* GOAL OF THE EXERCISE
Repeat, line for line, only the span that opens at the "Mueble De Tv" line and closes at the final line below. Skip the pictures.

* DATASET EXCERPT
▬▬▬▬▬▬▬▬▬▬

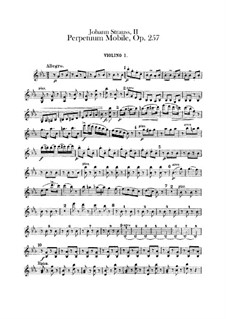 Perpetuum Mobile, Op.257: parte violinos by Johann Strauss (Sohn)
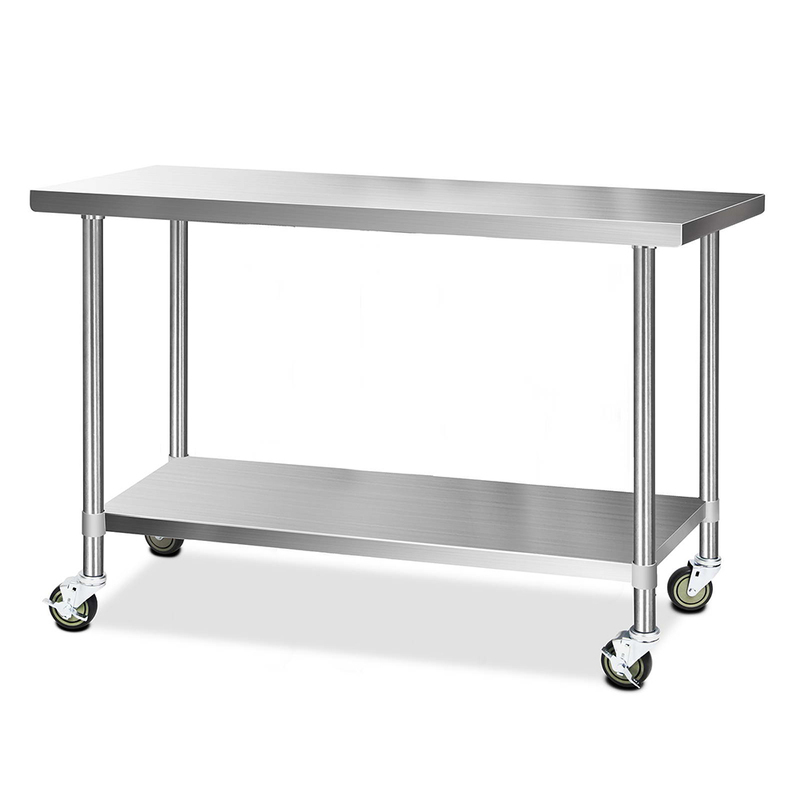 Cefito 1524x610mm Stainless Steel Kitchen Bench with Wheels 304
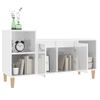 Mueble De Tv Madera Contrachapada Blanco Brillo 100x35x55 Cm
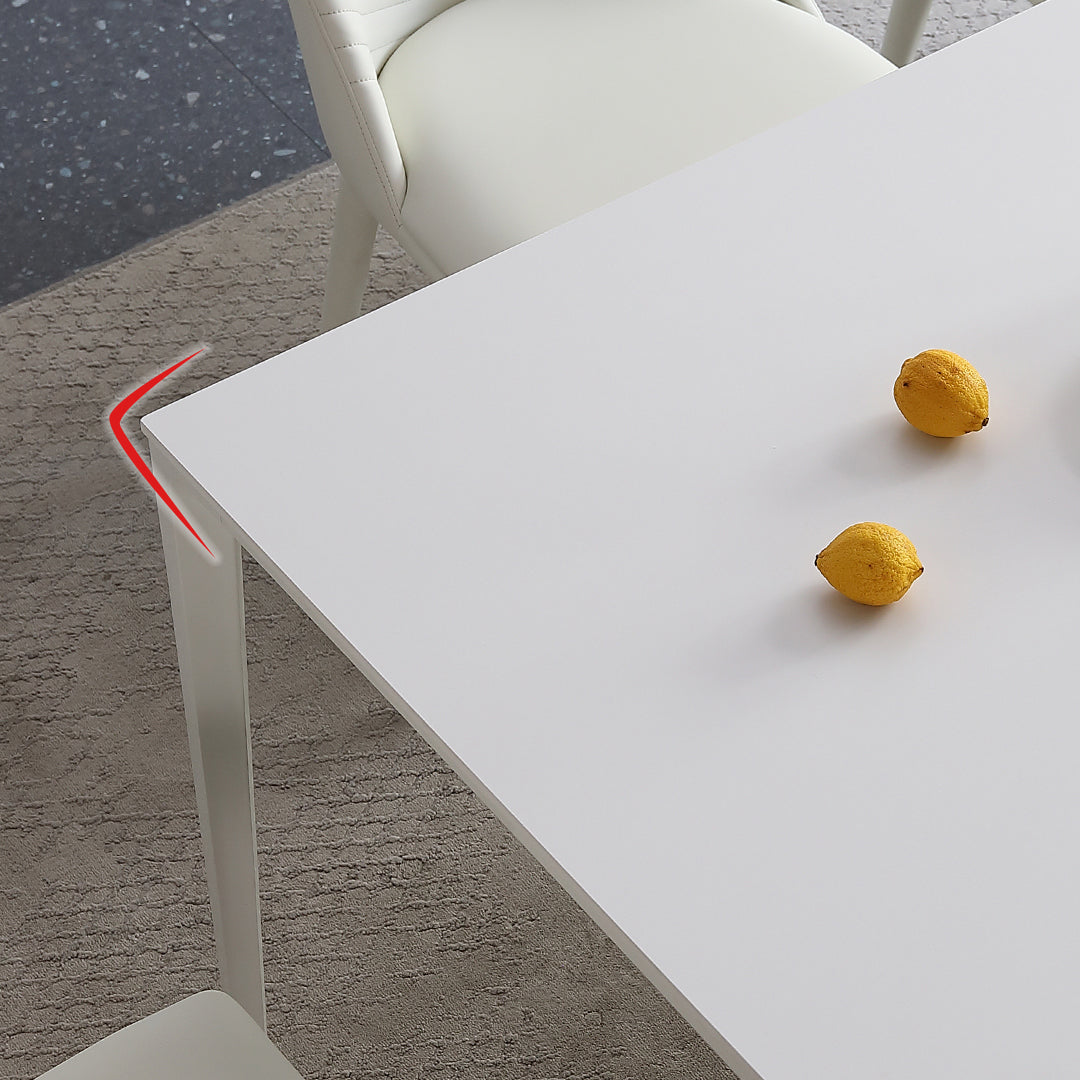 Modern White Rectangle Shape Dining Table Sintered Stone Kitchen Dining Table with 4 Legs Base Clearhalo ' dining_table' 'Dining Tables & Seating' 'Dining Tables' 'Furniture' 'furniture_dining_table' 'Kitchen & Dining Furniture' 'kitchen&dining_furn' 'kitchen' 'kitchen_dining_table' 3578490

▬▬▬▬▬▬▬▬▬▬

* EXPECTED OUTPUT
 Mueble De Tv Madera Contrachapada Blanco Brillo 100x35x55 Cm
 Modern White Rectangle Shape Dining Table Sintered Stone Kitchen Dining Table with 4 Legs Base Clearhalo ' dining_table' 'Dining Tables & Seating' 'Dining Tables' 'Furniture' 'furniture_dining_table' 'Kitchen & Dining Furniture' 'kitchen&dining_furn' 'kitchen' 'kitchen_dining_table' 3578490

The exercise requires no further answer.